WASHINGTON, March 17 (UPI) -- A jump in wholesale food prices in February will translate to higher prices in grocery stores, a U.S. government economist said.
"Food prices have been rising a lot faster, because underlying costs have really shot up. You're seeing some ingredients up 40 percent, 50 percent, 60 percent over last year," said Ephraim Leibtag at the U.S. Department of Agriculture, the Los Angeles Times reported Thursday.
"When you see wheat prices close to 80 percent up, that's going to ripple out to the public," he said.
Wholesale food prices rose 3.9 percent in February from the previous month, the Labor Department reported this week. On Thursday the Labor Department said consumer prices for food rose 0.6 percent January to February and had climbed 2.3 percent over 12 months.

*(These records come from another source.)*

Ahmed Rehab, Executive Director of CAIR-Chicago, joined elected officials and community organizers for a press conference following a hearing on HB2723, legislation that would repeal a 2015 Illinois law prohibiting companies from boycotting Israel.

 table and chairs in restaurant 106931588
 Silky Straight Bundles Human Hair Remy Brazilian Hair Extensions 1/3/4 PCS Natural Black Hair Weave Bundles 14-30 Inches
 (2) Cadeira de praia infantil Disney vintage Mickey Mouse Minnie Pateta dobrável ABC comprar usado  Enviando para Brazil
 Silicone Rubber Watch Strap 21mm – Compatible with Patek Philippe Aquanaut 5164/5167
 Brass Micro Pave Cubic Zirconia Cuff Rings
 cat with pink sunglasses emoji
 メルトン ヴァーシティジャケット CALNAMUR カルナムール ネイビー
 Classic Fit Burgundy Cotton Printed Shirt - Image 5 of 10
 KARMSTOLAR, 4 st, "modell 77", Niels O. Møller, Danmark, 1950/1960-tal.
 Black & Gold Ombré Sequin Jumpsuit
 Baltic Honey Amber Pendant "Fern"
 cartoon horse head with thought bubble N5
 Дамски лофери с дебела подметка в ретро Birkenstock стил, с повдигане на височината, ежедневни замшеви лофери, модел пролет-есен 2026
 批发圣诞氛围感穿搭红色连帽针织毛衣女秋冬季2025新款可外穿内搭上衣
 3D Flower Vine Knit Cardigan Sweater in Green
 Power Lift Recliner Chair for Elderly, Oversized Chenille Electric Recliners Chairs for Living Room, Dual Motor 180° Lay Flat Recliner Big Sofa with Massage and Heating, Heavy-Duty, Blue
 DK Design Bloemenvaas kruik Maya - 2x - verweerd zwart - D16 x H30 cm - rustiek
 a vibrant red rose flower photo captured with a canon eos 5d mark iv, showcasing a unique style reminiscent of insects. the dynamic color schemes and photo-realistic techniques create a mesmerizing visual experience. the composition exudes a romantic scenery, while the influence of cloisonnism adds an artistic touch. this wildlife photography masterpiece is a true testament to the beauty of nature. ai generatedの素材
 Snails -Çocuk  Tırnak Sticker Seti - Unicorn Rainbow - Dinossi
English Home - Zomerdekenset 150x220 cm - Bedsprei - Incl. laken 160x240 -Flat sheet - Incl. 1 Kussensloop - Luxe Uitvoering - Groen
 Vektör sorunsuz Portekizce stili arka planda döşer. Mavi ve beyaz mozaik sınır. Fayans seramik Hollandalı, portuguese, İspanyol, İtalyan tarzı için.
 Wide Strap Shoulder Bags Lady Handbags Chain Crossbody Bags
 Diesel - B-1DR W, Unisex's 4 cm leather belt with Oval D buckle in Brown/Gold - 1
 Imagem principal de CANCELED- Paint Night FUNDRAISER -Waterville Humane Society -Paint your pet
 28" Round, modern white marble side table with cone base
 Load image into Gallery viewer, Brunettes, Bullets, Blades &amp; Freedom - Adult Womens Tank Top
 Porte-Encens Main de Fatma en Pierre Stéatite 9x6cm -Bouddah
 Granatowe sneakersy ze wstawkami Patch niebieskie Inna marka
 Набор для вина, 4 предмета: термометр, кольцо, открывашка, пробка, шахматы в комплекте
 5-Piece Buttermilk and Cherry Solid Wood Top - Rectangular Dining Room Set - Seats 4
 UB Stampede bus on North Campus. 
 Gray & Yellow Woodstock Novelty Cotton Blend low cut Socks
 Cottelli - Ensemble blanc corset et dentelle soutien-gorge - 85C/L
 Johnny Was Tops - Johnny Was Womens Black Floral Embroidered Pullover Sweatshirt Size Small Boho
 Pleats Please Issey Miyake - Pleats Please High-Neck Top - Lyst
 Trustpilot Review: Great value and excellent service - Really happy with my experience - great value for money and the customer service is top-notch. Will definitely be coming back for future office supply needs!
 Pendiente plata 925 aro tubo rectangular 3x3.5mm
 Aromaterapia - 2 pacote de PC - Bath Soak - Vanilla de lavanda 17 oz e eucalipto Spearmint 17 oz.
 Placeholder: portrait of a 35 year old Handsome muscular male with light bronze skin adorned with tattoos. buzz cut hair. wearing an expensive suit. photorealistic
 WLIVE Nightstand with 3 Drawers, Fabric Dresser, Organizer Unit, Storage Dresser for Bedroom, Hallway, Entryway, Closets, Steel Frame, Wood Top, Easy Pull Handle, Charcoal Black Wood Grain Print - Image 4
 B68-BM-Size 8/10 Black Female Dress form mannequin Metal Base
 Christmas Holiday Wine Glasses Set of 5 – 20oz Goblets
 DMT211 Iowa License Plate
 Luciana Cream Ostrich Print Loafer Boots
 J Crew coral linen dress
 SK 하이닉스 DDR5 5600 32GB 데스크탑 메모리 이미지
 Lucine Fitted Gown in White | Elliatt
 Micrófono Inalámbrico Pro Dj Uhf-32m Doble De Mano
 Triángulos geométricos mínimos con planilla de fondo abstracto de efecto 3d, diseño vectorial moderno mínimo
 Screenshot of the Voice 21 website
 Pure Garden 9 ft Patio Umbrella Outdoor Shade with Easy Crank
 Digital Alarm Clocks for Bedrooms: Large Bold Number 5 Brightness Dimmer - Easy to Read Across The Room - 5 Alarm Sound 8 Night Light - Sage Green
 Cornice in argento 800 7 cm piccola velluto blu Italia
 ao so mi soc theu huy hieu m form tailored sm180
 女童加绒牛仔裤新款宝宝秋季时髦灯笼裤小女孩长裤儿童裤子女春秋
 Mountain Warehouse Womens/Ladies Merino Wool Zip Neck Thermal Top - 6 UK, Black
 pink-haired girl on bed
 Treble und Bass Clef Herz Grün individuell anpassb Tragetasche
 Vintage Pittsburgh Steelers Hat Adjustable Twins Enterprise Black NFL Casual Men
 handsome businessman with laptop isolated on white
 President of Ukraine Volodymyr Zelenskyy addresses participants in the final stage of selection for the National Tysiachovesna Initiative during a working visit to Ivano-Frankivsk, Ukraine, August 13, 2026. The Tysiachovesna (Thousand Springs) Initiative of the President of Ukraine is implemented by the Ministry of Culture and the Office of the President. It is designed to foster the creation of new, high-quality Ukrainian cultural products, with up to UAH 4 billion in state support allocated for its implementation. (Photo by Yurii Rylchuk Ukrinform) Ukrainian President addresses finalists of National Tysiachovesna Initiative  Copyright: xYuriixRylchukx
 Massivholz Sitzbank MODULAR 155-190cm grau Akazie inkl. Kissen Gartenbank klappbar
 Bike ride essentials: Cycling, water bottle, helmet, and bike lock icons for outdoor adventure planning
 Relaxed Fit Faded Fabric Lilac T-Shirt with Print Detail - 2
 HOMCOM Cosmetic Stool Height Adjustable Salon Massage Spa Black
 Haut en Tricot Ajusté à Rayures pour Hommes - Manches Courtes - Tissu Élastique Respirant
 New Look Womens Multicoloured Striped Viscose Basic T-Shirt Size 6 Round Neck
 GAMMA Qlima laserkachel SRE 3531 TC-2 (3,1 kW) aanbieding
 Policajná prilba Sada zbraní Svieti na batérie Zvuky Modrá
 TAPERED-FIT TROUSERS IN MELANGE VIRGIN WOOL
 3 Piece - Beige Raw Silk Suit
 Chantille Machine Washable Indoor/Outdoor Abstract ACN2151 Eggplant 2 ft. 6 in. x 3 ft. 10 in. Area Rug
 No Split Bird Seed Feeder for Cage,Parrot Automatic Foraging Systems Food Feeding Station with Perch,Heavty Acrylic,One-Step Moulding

Experts expect the trend to continue. Detrimental weather, including a drought in China and floods in Australia, "may become more the rule than the exception," said Clive James, founder of the International Service for Acquisition of Agri-Biotech Applications.
The USDA estimates food prices will rise up to 4 percent in 2011. As consumers focus on fast-rising gasoline prices, they may be hit with renewed concern over their ability to afford groceries.
The United Nations and the World Bank have warned of rising food prices, which are partly the result of increased demand.
In China, where the middle class is growing, consumer demand for chickens has risen 219 percent from 1983 to 2006, the Chinese Ministry of Agriculture said.
Rising oil prices also puts pressure on food prices, as does the use of crops for biofuel. Various U.S. food sellers, including restaurant chain McDonald's, have warned they could raise prices this year.
C. Larry Pope, chief executive officer of Smithfield Foods, said, "Retailers understand there will be more price pressure."
Are consumers ready? At a recent speaking event in New York, New York Federal Reserve President William Dudley was given a negative reaction when he tried to explain that stagnant core prices -- which exclude food and energy prices -- were a sign of a slow economy, The Wall Street Journal reported at the time.
Dudley admitted food prices were rising, but the audience was rankled. "When was the last time you, sir, went grocery shopping?" a member of the audience asked.